Sennacques queria uma cópia da certidão de óbito de um tal Daniel Le Pers

Mas o que descobriram os especialistas da carta enviada pelo mercador francês ao primo de Haia? Segundo o estudo publicado esta quinta-feira na revista científica Nature Comunications, onde se explica passo a passo como é que a missiva foi desdobrada virtualmente através da criação de uma imagem em 3D, Sennacques queria uma cópia da certidão de óbito de um tal Daniel Le Pers, indivíduo com o mesmo apelido que o seu familiar Pierre Le Pers.

“Passaram algumas semanas desde que te escrevi a pedir-te que me extraísses uma certidão da morte do senhor Daniel Le Pers, que ocorreu em Haia no mês de dezembro de 1695”, escreveu o mercador no dia 31 de julho de 1697. “Sem que tivesse recebido notícias tuas, escrevo-te uma segunda vez para te lembrar dos trabalhos em que me meti por tua causa. É importante para mim ter essa certidão e dar-me-ás grande prazer se a procurares por mim e me enviares notícias da tua saúde e de toda a tua família.”

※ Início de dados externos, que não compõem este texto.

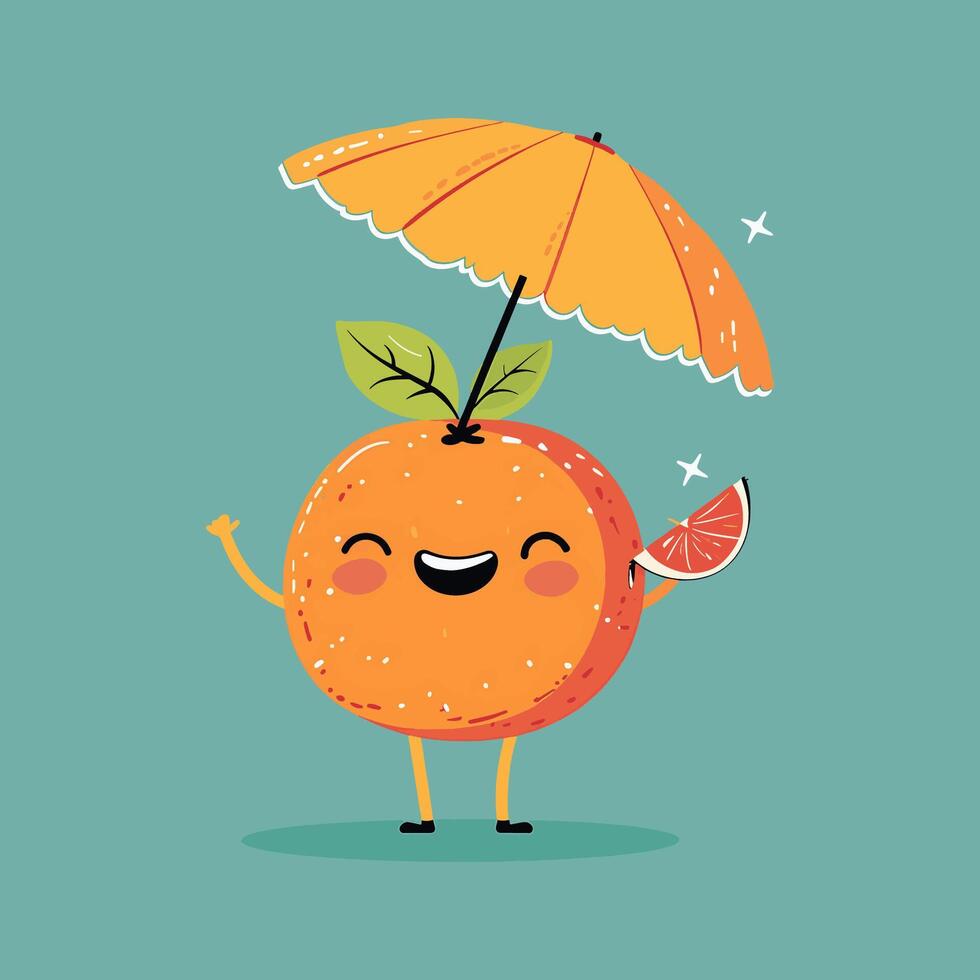 A grapefruit with a wide smile vector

A divulgação do conteúdo da carta de Sennacques representa um avanço importante no estudo de documentos históricos, uma vez que o tipo de papel e forma como foi dobrado constituem evidências importantes para historiadores e conservadores. Apesar do papel que o “desdobramento virtual” poderá vir a desempenhar no âmbito da coleção Brienne, a que esta missiva pertence, os investigadores do grupo Unlocking History acreditam que o seu impacto poderá ir muito mais além, já que existem muitas outras coleções com missivas por abrir.

Uma delas, lembram os especialistas, são os Prize Papers, que reúne cerca de 160 cartas nunca entregues aos respetivos destinatários. Os documentos, que pertencem ao Arquivo Nacional do Reino Unido, foram confiscados pelas autoridades britânicas a navios inimigos entre os séculos XVII e XIX.